WORK REQUIRED
Once you reach the line that holds "25 mm POZIDRIVE" in the listing below, output it and every line after it through the line that holds "Pourquoi offrir un cadeau Star Wars ?", word for word.
--
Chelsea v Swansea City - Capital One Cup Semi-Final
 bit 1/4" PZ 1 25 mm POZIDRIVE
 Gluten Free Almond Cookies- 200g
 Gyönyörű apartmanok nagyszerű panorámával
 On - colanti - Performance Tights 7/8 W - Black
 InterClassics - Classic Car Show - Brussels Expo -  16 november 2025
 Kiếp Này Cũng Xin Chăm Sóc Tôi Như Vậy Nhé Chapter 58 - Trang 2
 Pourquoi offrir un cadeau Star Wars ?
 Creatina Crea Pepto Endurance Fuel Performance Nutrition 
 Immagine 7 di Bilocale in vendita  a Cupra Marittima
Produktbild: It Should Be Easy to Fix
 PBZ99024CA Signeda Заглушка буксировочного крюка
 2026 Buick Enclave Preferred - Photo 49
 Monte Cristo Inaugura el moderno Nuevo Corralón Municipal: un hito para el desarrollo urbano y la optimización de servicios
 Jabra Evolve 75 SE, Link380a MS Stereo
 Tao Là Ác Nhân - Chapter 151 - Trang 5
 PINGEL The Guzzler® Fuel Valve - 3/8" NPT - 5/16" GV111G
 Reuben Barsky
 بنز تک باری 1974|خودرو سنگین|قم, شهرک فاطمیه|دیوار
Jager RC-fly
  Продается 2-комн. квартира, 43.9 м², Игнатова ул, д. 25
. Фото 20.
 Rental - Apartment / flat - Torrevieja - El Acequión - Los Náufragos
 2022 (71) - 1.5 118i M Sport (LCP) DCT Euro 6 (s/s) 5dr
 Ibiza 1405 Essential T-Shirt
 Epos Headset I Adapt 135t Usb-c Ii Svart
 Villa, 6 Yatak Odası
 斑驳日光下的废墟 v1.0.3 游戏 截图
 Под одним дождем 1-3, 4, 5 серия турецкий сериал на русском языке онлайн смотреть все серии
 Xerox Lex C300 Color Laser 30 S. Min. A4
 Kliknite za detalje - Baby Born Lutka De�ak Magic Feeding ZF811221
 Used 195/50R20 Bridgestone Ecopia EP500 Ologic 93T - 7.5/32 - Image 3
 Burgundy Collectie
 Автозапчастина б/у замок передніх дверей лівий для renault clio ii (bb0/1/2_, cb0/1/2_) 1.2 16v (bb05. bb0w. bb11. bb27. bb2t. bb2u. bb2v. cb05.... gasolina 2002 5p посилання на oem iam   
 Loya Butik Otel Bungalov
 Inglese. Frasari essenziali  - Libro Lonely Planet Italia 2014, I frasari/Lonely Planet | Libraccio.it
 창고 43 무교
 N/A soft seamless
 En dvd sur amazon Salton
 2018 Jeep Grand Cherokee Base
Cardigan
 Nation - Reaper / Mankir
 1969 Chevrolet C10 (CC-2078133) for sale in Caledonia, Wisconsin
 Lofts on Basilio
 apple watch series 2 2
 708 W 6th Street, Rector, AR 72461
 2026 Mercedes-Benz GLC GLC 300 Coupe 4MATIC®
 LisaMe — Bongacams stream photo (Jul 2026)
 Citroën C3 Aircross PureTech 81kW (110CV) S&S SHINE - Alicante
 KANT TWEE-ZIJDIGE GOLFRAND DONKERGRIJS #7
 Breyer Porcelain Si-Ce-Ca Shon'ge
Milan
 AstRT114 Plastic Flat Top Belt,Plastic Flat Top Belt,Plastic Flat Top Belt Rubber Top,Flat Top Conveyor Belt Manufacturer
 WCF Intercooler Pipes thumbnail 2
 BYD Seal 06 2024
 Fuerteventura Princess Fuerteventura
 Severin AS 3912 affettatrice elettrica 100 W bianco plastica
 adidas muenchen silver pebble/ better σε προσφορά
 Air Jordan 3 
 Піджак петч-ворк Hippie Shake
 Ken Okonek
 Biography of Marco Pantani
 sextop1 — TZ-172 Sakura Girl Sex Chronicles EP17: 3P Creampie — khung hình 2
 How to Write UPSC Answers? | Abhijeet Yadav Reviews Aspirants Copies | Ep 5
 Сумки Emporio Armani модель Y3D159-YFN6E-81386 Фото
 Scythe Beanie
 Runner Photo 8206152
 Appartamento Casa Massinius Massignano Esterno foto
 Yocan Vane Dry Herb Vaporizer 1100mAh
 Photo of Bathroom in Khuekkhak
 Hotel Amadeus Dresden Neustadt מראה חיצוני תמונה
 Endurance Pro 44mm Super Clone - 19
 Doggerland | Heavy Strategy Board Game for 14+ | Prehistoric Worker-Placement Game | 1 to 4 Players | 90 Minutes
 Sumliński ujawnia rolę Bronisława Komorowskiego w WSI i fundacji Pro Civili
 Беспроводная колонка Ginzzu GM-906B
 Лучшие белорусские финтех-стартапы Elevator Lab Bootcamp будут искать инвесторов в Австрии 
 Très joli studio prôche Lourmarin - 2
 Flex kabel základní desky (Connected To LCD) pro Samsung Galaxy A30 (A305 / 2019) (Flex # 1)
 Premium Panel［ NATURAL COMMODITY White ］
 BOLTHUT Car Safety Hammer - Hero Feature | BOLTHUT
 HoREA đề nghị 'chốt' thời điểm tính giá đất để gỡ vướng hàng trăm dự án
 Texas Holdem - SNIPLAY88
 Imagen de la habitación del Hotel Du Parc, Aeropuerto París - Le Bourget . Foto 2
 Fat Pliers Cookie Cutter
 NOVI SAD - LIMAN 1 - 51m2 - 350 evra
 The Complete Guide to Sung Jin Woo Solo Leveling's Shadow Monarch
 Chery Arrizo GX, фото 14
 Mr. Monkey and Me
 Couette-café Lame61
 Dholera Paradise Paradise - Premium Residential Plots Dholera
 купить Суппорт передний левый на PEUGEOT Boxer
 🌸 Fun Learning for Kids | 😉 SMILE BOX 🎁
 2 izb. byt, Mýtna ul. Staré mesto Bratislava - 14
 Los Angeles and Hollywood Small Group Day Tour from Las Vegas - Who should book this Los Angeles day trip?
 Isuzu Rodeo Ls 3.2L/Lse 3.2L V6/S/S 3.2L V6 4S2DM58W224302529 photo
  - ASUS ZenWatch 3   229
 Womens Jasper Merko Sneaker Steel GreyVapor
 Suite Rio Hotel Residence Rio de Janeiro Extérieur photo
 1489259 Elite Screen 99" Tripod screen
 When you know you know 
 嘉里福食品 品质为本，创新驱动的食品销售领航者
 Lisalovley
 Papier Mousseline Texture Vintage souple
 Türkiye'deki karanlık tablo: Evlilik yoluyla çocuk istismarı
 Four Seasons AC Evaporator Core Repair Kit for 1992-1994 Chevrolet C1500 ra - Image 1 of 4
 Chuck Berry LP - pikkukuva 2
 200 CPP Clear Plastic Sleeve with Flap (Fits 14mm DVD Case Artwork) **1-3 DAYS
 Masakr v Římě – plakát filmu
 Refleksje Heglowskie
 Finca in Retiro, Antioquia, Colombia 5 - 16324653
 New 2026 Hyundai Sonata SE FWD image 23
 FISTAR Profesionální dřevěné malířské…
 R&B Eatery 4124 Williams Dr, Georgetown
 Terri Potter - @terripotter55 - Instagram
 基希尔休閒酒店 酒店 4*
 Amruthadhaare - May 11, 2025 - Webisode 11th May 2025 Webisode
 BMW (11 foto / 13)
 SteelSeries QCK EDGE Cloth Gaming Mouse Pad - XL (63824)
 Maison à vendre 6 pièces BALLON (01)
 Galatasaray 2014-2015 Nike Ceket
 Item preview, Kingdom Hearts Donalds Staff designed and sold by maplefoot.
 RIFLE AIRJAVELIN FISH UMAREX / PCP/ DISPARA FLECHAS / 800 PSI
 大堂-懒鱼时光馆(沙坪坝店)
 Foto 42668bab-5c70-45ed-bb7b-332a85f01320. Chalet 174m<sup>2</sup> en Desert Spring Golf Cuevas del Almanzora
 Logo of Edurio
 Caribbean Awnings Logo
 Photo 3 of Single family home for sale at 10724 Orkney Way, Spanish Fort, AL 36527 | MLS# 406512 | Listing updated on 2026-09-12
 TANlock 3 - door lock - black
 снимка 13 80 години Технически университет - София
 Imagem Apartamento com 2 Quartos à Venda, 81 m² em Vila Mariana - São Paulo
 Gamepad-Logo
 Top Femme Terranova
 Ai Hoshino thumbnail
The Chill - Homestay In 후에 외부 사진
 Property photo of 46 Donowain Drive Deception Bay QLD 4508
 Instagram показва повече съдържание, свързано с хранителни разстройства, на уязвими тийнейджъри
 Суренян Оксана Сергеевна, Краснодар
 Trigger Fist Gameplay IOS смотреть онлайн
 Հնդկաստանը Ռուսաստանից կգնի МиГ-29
--
YOUR SOLUTION
 bit 1/4" PZ 1 25 mm POZIDRIVE
 Gluten Free Almond Cookies- 200g
 Gyönyörű apartmanok nagyszerű panorámával
 On - colanti - Performance Tights 7/8 W - Black
 InterClassics - Classic Car Show - Brussels Expo -  16 november 2025
 Kiếp Này Cũng Xin Chăm Sóc Tôi Như Vậy Nhé Chapter 58 - Trang 2
 Pourquoi offrir un cadeau Star Wars ?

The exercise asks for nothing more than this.